While 3G and WiMax are well positioned to advance the boundaries of interactivity and converged applications, it is clear that wired phone and cable networks are the main players in the world of high-bandwidth services. How these two behemoths fare from the technical, business and regulatory points of view likely will determine the fate of advanced services.
The industries have unique problems and, so far, it's been a mixed autumn for each. The phone companies are desperately trying to win statewide or even national franchises. The latest skirmish, in Connecticut, seems to be going the telco's way. For the cable industry, the challenge of the moment is fending off the Federal Communications Commission -- or, more specifically, chairman Kevin Martin.
This New York Times story details Martin's efforts to determine if the "70/70" rule should take effect. The rule, which is part of the Cable Communications Act of 1984, mandates that the FCC can take more control over the industry if service is available to 70 percent or more of households and 70 percent or more of those households actually subscribe.
The story details which of the four other commissioners are likely to join with Martin on the vote. The situation is a bit odd, since cable industry seems to be facing a tremendous amount of competition, both from satellite services and telco-based fiber initiatives. Clearly, it is a more competitive landscape than it was when the Act took effect two decades ago.
On another level, a rule based on video viewership levels made sense in 1984. Today, however, it seems that real market power and dominance would be better determined by an assessment of the impact being made by the bundles of wired and/or wireless voice, data and video each industry is offering its customers and prospects.
This may seem like a regulatory tug-of-war -- and not a particular new one, at that -- but it is important. The reality is that a lot of things that don't seem directly relevant (or even particularly interesting) have a big impact on how the market treats various carriers and service providers and, in turn, how quickly they build out and upgrade their networks.
In this context, it is important to note what a tough few months it's been for Comcast. On one hand, it has to worry about the machinations of the FCC while, on the other it has legions of dissatisfied customers (one of which, according to this Media Post blog, led Advertising Age columnist Bob Garfield to start a blog called "comcastmustdie.com").

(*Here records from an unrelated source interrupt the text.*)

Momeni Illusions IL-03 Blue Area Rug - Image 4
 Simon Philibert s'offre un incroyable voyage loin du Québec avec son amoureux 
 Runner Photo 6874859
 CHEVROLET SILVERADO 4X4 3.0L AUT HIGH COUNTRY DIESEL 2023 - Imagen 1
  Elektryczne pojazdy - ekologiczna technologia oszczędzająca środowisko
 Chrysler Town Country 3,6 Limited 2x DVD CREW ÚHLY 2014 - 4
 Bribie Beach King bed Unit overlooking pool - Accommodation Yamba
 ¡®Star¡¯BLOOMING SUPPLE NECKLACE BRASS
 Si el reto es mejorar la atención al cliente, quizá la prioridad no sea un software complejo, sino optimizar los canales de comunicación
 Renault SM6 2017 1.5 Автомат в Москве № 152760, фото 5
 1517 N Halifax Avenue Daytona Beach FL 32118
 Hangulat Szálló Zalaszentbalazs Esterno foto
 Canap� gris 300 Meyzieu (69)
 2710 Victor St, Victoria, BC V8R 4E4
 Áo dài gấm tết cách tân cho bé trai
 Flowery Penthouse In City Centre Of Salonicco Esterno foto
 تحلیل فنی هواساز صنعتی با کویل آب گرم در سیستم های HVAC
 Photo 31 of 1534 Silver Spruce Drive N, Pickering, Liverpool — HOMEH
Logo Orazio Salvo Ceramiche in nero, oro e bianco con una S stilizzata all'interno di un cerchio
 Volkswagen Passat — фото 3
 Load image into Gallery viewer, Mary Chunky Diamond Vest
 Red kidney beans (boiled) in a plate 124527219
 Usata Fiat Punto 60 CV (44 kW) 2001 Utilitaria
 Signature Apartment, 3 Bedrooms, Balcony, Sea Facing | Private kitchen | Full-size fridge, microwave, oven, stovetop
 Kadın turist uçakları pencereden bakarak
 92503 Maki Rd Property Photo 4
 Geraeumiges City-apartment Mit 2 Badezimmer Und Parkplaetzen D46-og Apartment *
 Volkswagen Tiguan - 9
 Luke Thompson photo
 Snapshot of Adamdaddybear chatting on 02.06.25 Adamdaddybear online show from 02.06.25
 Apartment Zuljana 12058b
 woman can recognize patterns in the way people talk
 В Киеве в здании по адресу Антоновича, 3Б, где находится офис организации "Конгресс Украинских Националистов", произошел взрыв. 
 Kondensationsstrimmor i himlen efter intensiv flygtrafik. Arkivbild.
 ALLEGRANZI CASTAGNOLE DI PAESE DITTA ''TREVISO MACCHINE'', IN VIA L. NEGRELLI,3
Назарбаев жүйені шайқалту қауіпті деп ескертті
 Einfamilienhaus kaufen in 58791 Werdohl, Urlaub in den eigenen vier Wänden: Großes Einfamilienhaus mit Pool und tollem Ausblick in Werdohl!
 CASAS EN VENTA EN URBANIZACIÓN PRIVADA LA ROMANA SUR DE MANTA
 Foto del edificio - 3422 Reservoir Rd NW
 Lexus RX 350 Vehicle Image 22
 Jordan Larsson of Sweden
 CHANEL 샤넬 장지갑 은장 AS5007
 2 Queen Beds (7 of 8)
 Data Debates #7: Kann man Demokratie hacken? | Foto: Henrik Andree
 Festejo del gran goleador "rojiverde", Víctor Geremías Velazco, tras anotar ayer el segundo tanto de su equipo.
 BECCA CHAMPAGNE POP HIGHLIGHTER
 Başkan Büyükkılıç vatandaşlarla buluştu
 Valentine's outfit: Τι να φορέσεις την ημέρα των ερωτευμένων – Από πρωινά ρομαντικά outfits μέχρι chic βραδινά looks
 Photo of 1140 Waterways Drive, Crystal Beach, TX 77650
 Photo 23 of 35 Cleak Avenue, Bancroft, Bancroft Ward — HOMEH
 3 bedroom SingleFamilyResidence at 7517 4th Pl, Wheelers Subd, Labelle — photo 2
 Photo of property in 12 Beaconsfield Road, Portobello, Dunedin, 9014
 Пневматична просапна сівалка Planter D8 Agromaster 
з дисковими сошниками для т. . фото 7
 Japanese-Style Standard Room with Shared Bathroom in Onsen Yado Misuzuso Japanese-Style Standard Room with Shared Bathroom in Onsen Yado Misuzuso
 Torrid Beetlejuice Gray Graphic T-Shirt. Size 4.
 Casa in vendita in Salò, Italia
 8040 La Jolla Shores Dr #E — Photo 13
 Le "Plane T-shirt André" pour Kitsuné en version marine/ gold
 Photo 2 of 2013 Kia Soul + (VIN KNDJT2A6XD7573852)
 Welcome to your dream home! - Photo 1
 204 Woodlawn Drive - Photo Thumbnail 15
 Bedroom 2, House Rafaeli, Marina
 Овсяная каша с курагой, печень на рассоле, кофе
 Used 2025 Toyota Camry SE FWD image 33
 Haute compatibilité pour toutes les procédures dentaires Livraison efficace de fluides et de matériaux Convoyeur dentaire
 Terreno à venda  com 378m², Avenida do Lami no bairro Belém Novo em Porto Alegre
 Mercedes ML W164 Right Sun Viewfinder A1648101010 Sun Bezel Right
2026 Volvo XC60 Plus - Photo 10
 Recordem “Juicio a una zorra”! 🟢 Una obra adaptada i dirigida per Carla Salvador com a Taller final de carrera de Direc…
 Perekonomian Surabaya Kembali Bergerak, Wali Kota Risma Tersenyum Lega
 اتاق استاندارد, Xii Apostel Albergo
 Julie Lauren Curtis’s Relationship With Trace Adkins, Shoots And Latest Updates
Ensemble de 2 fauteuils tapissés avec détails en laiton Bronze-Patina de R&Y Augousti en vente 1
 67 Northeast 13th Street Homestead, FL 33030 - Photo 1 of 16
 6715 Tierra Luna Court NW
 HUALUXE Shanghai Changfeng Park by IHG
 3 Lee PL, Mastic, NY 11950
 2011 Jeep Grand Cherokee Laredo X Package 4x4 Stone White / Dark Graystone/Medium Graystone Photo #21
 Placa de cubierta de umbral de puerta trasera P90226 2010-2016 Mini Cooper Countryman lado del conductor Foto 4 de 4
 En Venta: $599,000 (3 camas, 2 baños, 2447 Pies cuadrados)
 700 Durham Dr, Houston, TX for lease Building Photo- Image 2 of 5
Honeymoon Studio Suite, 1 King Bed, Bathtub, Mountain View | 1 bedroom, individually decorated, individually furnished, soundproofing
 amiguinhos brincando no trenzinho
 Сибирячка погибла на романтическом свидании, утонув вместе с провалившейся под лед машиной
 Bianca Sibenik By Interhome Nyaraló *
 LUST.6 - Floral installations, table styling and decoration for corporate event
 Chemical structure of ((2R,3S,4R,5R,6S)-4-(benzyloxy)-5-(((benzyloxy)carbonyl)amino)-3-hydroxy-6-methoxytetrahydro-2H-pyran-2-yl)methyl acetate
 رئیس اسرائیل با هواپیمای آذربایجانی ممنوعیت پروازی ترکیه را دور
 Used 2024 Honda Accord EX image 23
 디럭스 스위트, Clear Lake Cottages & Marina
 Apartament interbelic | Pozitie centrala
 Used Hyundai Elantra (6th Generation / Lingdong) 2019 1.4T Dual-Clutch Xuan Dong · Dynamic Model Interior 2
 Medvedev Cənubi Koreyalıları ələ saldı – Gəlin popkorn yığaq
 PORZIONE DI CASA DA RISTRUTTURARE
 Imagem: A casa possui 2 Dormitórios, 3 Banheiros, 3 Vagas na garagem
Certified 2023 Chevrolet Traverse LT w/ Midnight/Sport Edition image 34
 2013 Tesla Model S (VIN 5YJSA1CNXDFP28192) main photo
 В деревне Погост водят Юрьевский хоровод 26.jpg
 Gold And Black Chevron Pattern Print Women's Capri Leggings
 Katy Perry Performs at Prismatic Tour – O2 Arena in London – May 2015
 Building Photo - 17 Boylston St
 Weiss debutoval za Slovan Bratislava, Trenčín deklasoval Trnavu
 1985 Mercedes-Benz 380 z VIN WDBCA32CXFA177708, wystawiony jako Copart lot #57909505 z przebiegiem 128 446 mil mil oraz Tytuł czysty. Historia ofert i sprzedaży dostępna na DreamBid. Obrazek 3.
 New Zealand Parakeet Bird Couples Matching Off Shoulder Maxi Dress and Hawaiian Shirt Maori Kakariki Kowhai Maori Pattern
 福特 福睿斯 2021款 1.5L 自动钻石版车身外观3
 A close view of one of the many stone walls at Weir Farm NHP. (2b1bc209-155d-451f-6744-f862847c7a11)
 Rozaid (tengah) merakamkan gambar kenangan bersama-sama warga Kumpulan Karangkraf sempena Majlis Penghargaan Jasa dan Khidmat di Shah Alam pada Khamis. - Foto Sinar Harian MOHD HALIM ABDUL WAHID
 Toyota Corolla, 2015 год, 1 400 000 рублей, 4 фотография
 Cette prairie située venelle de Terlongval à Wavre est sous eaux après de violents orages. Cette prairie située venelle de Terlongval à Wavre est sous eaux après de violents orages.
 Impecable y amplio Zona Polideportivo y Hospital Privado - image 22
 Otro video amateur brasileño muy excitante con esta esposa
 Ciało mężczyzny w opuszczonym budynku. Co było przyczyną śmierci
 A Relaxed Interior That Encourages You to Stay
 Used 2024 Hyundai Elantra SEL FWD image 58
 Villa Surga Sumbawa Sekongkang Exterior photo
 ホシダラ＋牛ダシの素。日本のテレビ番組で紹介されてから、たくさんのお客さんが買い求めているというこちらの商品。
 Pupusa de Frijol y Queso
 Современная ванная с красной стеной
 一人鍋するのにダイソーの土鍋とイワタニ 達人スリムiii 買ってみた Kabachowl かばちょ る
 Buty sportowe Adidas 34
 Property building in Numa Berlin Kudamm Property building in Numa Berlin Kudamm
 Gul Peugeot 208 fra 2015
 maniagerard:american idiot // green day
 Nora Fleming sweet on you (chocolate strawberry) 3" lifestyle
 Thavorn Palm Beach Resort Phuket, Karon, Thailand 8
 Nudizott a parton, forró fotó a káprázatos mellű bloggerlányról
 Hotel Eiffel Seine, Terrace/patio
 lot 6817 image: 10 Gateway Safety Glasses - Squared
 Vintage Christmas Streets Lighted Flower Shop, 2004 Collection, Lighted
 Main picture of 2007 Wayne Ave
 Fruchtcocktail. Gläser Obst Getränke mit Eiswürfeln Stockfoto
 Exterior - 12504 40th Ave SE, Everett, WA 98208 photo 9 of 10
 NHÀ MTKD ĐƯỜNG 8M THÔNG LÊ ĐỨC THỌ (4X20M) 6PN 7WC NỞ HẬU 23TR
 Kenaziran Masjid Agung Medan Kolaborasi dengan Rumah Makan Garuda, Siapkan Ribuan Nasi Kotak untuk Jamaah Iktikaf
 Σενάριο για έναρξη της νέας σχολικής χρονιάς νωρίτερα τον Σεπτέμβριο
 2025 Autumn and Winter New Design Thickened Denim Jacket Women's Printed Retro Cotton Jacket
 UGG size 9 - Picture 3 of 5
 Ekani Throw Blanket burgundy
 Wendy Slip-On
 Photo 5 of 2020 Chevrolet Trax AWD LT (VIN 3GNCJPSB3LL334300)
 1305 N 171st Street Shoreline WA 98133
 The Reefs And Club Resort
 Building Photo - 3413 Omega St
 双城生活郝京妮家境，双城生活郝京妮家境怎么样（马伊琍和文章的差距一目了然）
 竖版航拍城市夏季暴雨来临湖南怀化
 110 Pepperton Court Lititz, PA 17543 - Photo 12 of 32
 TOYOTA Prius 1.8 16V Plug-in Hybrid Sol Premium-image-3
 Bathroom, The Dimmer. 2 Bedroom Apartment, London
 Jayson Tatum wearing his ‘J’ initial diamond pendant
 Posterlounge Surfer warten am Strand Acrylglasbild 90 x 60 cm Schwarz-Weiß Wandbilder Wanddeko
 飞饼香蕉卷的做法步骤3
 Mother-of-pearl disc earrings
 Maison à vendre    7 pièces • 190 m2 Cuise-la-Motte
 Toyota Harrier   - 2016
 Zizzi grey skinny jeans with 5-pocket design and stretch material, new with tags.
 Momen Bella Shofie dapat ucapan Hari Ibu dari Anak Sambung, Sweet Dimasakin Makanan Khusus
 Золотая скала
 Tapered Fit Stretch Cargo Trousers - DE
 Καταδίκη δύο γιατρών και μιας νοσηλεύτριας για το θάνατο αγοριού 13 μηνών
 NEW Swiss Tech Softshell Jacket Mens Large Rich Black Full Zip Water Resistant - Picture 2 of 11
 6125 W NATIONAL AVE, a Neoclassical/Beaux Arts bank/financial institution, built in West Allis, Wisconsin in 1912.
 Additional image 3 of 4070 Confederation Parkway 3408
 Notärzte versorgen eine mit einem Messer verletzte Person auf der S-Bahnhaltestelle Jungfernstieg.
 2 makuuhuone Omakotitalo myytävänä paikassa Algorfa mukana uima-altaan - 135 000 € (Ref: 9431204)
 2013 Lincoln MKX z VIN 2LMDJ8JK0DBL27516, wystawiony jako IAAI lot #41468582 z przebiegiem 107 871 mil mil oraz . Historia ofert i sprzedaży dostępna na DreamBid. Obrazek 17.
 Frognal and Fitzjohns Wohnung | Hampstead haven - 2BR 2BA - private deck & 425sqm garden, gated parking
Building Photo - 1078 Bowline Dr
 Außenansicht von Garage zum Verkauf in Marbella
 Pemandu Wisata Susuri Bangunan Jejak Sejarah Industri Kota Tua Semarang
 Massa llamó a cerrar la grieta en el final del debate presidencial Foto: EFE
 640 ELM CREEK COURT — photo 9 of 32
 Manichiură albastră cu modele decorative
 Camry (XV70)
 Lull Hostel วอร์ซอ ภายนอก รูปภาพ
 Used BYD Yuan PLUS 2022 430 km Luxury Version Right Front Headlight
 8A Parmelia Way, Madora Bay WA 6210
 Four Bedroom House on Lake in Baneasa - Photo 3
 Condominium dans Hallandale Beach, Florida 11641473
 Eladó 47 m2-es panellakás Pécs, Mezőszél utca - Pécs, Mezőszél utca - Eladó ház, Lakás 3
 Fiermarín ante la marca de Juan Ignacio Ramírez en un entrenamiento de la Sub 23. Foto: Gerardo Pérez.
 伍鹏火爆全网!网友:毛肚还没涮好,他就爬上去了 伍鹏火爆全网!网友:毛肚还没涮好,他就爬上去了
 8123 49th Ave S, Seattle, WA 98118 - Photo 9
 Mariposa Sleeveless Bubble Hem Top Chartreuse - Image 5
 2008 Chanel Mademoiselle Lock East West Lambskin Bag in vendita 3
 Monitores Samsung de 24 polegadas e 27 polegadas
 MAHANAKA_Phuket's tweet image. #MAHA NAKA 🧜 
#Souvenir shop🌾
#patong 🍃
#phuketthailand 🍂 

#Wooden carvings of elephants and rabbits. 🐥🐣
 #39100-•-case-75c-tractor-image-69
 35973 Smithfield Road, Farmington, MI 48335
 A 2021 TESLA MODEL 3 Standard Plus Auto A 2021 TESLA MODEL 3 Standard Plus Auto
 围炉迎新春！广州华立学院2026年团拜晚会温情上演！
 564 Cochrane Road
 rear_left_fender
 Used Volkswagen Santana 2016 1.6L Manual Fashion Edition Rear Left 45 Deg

The post describes a general sense of mistrust of the company on Wall Street as well as among its customers, a loss of customers to the phone industry -- FCC pronouncements notwithstanding -- and a generally sour atmosphere. The piece doesn't even touch on the battle with subscribers over peer-to-peer limits.
Neither the cable or phone companies are going away, of course. It will be interesting to see how the franchise landscape evolves and how hard Martin and the FCC push the cable industry, especially as it considers an initiative to relax newspaper/television cross ownership rules.